Fikroh.com - Tebuireng adalah sebuah pedukuhan yang terletak di wilayah Desa Cukir, Kecamatan Diwek, Kabupaten Jombang, sekitar 8 kilometer dari pusat kota Jombang ke arah selatan. Luas pedukuhan ini mencapai 25,311 hektar dan menjadi nama pesantren yang didirikan oleh Kiai Hasyim.
Menurut cerita masyarakat, nama Tebuireng berasal dari istilah “kebo ireng” yang berarti kerbau hitam. Dikisahkan, seorang penduduk memiliki kerbau berwarna kuning yang tiba-tiba menghilang. Setelah pencarian, kerbau itu ditemukan terjebak di rawa dan penuh lintah, sehingga warnanya berubah menjadi hitam. Pemiliknya pun berteriak “kebo ireng!” dan sejak saat itu, dusun tersebut dikenal dengan nama itu. Seiring waktu, ketika populasi dusun meningkat, nama Kebo Ireng berganti menjadi Tebuireng.
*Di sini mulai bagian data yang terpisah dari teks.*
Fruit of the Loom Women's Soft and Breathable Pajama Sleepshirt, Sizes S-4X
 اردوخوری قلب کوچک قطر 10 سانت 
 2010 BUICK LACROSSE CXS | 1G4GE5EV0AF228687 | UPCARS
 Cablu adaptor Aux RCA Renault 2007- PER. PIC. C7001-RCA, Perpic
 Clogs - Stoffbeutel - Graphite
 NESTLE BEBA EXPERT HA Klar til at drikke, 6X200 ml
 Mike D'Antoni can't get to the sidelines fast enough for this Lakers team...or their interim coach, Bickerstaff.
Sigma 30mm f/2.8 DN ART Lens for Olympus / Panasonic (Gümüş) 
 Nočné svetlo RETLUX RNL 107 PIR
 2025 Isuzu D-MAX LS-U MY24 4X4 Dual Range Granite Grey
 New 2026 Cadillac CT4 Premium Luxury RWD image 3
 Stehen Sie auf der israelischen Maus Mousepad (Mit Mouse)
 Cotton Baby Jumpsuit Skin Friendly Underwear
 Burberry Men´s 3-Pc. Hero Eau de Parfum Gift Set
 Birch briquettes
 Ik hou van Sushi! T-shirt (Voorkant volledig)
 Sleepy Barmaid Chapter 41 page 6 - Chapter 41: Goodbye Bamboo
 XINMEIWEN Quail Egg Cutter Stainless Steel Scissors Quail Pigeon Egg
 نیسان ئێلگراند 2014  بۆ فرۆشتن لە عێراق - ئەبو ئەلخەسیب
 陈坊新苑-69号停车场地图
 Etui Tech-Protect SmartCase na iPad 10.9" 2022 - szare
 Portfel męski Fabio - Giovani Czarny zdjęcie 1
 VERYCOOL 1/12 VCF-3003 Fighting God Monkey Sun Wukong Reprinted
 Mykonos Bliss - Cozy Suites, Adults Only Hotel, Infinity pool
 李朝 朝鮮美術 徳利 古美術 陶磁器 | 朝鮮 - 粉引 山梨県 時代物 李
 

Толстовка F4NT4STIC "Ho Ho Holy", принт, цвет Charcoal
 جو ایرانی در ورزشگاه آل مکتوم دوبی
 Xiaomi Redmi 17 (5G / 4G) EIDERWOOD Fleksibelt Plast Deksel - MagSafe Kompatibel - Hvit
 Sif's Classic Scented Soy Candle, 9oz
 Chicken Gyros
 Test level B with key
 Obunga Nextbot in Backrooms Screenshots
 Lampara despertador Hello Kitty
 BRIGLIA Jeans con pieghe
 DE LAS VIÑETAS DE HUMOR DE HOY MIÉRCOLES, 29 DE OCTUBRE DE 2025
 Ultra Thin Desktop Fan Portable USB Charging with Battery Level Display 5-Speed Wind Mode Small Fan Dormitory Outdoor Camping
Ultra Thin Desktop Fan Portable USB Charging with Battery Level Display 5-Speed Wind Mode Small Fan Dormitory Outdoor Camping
Penyebab pasti perubahan nama ini tidak jelas, tetapi bisa jadi terkait dengan munculnya pabrik gula di daerah tersebut, yang mendorong masyarakat untuk menanam tebu, berpotensi terkait dengan warna hitam dari tanaman tersebut.
Berdirinya Pesantren Tebuireng
Pada akhir abad ke-19, kawasan Tebuireng menyaksikan berdirinya berbagai pabrik, terutama pabrik gula yang dimiliki oleh orang asing. Meskipun secara ekonomi menguntungkan karena membuka lapangan kerja, banyak penduduk yang belum siap menghadapi industrialisasi, menyebabkan mereka tergoda untuk menjalani gaya hidup konsumtif dan terjerumus dalam kebiasaan negatif seperti judi dan minuman keras.
Kondisi ini memprihatinkan Kiai Hasyim, yang kemudian membeli tanah dari seorang dalang terkenal di Tebuireng. Pada 26 Rabiul Awal 1317 H (3 Agustus 1899 M), beliau mendirikan bangunan kecil dari anyaman bambu berukuran 6 x 8 meter, yang dibagi menjadi dua: satu bagian untuk tempat tinggal bersama istrinya, Nyai Khodijah, dan bagian lainnya sebagai mushalla. Santri pertama berjumlah delapan, yang kemudian meningkat menjadi 28 orang dalam waktu singkat.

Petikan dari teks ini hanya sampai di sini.